# [SOLVED]Expected values and variances

#### mathmari

##### Well-known member
MHB Site Helper
Hey!! The variable $Y$ denotes the amount of money that an adult person gives out for Christmas presents.
The distribution of $Y$ depends on whether the person is employed ($E = 1$) or not ($E = 0$).
It holds that $P (E = 1) = p$, i.e a randomly selected person is employed with probability $p$.

We have the following
\begin{align*}&E(Y\mid E=1)=\mu_1 \\ &V(Y\mid E=1)=\sigma_1^2 \\ &E(Y\mid E=0)=\mu_0 \\ &V(Y\mid E=0)=\sigma_0^2 \\ &E(Y)=\mu=p\mu_1+(1-p)\mu_0 \\ &V(Y)=\sigma^2=p\sigma_1^2+(1-p)\sigma_0^2+G\end{align*}
where \begin{equation*}G=p(\mu_1-\mu)^2+(1-p)(\mu_0-\mu)^2\geq 0\end{equation*}

A research institute would like to estimate $\mu$ based on a $n$-sized sample. The parameter $p$ is known to the institute. Two employees of the institute, A and B, discuss the procedure.

• A suggests questioning $n$ randomly selected people and using their average spend as an estimate for $\mu$.
• B proposes to separately survey $n p$ employed persons and $n (1 - p)$ unemployed persons, and then use the estimator \begin{equation*} \overline{Y}_B = p \overline{Y}_1 + (1-p) \overline{Y}_0 \end{equation*} $\overline {Y}_1$ and $\overline{Y}_0$ are the average spend of the employed and non-employed persons, respectively. For the sake of simplicity, we assume that $n p$ and $n (1 - p)$ are integers.

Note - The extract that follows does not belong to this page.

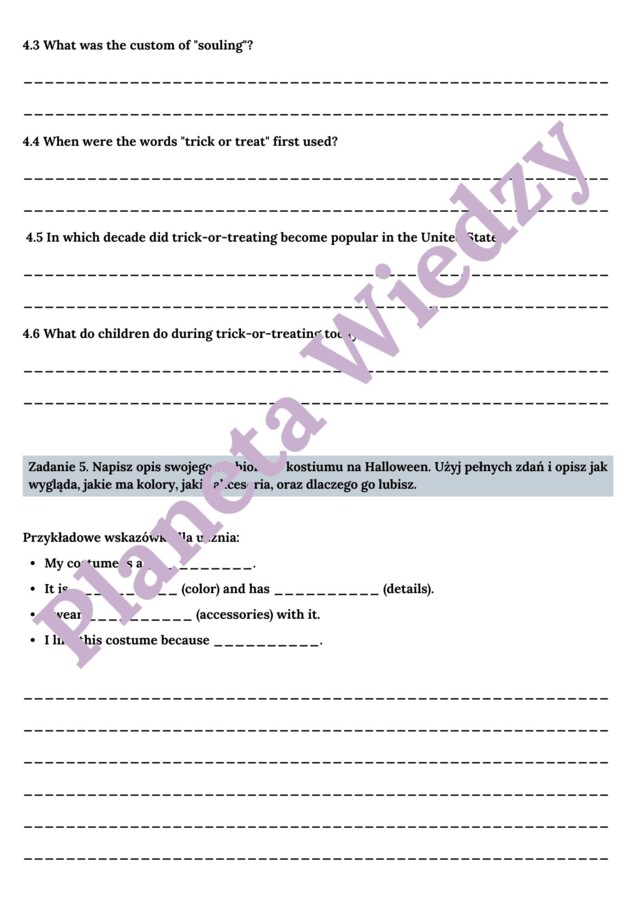 🎃👻KARTA PRACY – HALLOWEEN – SŁOWNICTWO 🎃👻- KLASY 4-8 SZKOŁY PODSTAWOWEJ- WYKREŚLANKA, BUDOWANIE ZDAŃ, POZNAJ TRADYCJE HALLOWEEN, OPISZ SWOJE HALLOWEEN, CZYTANIE TEKSTU, SPEAKING + ODPOWIEDZI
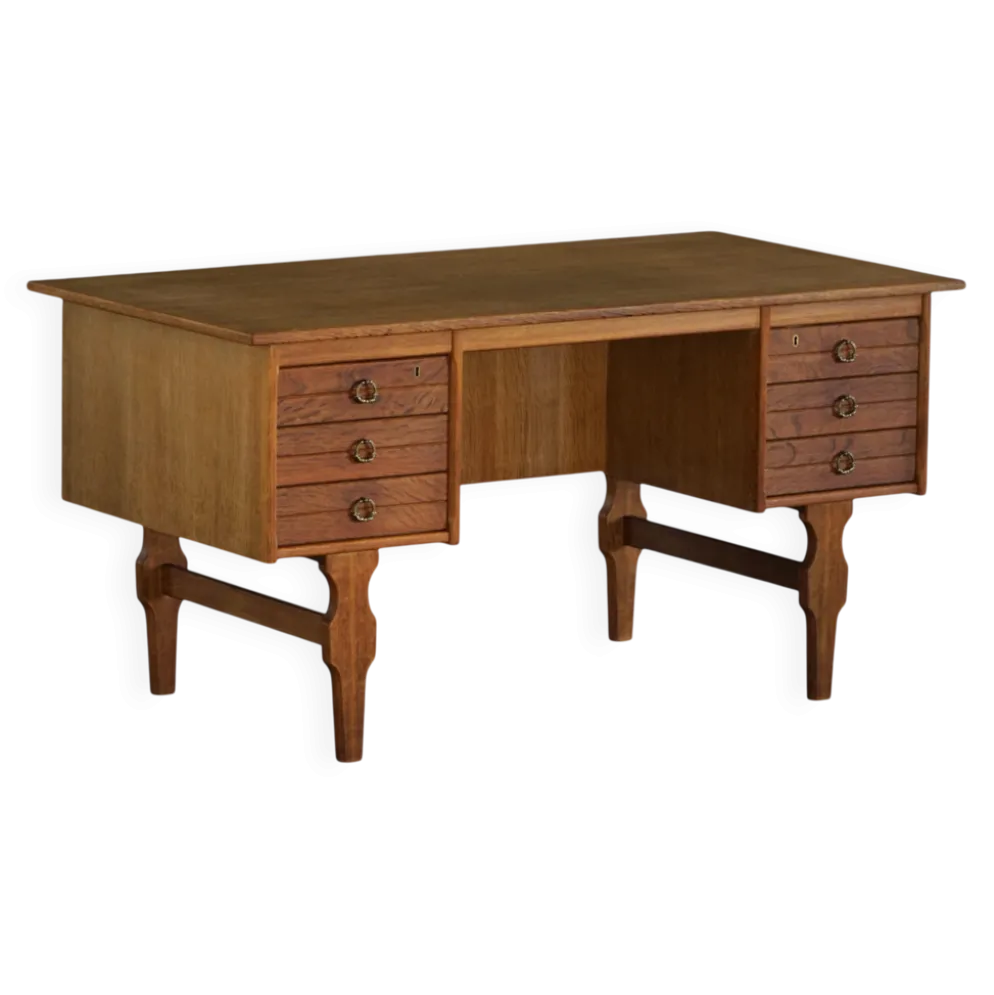 Bureau autoportant en Oak par Henning Kjærnulf, Modernité danoise du milieu du siècle, années 1950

If I understand correcly the proposition of B, we have a sample of soze $n$ with $np$ employed and $n(1-p)$ unemployed. $Y_{1i}$ is the answer that the employed perosn $i$ gives and $Y_{0i}$ is the answer that the unemployed person $i$ gives. We calculate the mean of what the employed people spend, according to the survey, and we define that average $\overline{Y}_1$, i.e. $\overline{Y}_1=\frac{1}{np}\sum_{i=1}^{np}Y_{1i}$. Respectively, it holds that $\overline{Y}_0=\frac{1}{n(1-p)}\sum_{i=1}^{n(1-p)}Y_{0i}$.
Adding these two results multiplied by the respective possibility we get the average of all people.

Have I understood that correctly? I want to calculate the expected values and the variances of the estimates of A and B.

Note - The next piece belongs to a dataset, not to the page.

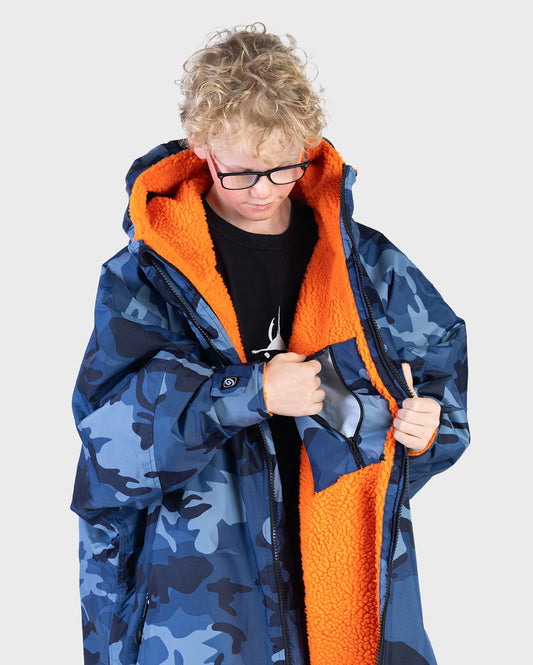 Dryrobe Advance Kids Blue Camo Orange Age 10-13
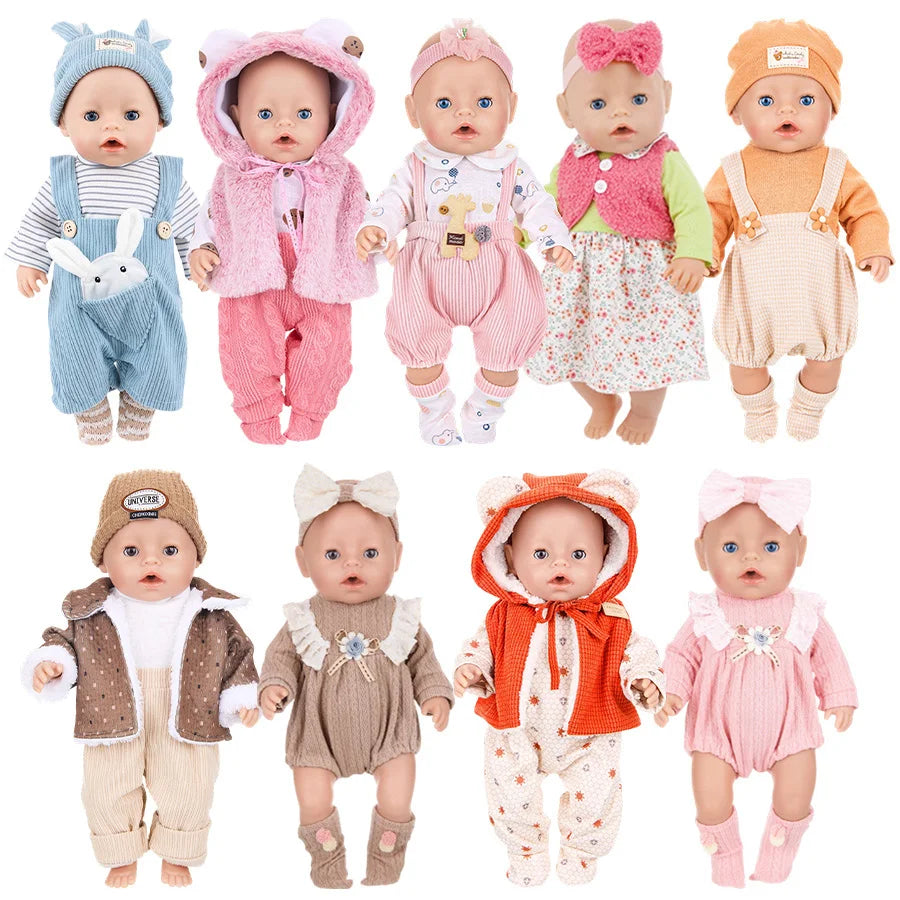 Doll Clothes For 43cm Baby Doll Leather Jacket Pants Jumpers Rompers Set For 18 Inch American Doll Coat Winter Clothes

How could we do that? Could you give me a hint? #### Klaas van Aarsen

##### MHB Seeker
Staff member
Hey mathmari !! For A we have $E(\overline {Y_A}) = E(Y)$ and $\sigma^2(\overline {Y_A}) = \frac{\sigma^2(Y)}{n}$ don't we?
And for B we have $E(\overline {Y_B}) = E(Y)$ and $\sigma^2(\overline {Y_B}) = \sigma^2(p \overline{Y_1} + (1-p) \overline{Y_0}) = p^2\frac{\sigma_1^2}{np} + (1-p)^2\frac{\sigma_0^2}{n(1-p)}$ don't we? #### mathmari

##### Well-known member
MHB Site Helper
For A we have $E(\overline {Y_A}) = E(Y)$ and $\sigma^2(\overline {Y_A}) = \frac{\sigma^2(Y)}{n}$ don't we?
And for B we have $E(\overline {Y_B}) = E(Y)$ and $\sigma^2(\overline {Y_B}) = \sigma^2(p \overline{Y_1} + (1-p) \overline{Y_0}) = p^2\frac{\sigma_1^2}{np} + (1-p)^2\frac{\sigma_0^2}{n(1-p)}$ don't we? Does it hold that $E(\overline {Y_A}) = E(Y)$ and $E(\overline {Y_B}) = E(Y)$ because $\overline {Y_A}$ and $\overline {Y_B}$ describes respectlively the average amount of money?

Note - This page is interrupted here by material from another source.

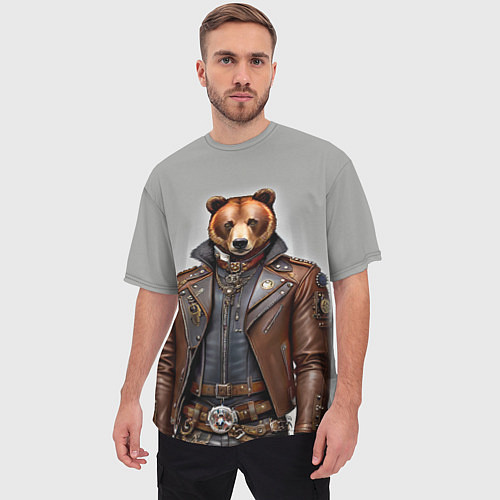 Мужская футболка оверсайз Cool bear - steampunk - neural network / 3D-принт – фото 3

Why do we not use here that $\overline{Y}_B=p \overline{Y_1} + (1-p) \overline{Y_0}$ ?

From $E(\overline {Y_A}) = E(Y)$ and $E(\overline {Y_B}) = E(Y)$ we get that both estimators are unbiased, right? To check which estimate is better we have to compare the two variances, right? The variance of the estimate A is equal to the variance of the median of the amounts of money. Does this mean that this is better than the variance of the estaimate B?
Or can we not compare them? #### Klaas van Aarsen

##### MHB Seeker
Staff member
Does it hold that $E(\overline {Y_A}) = E(Y)$ and $E(\overline {Y_B}) = E(Y)$ because $\overline {Y_A}$ and $\overline {Y_B}$ describes respectlively the average amount of money?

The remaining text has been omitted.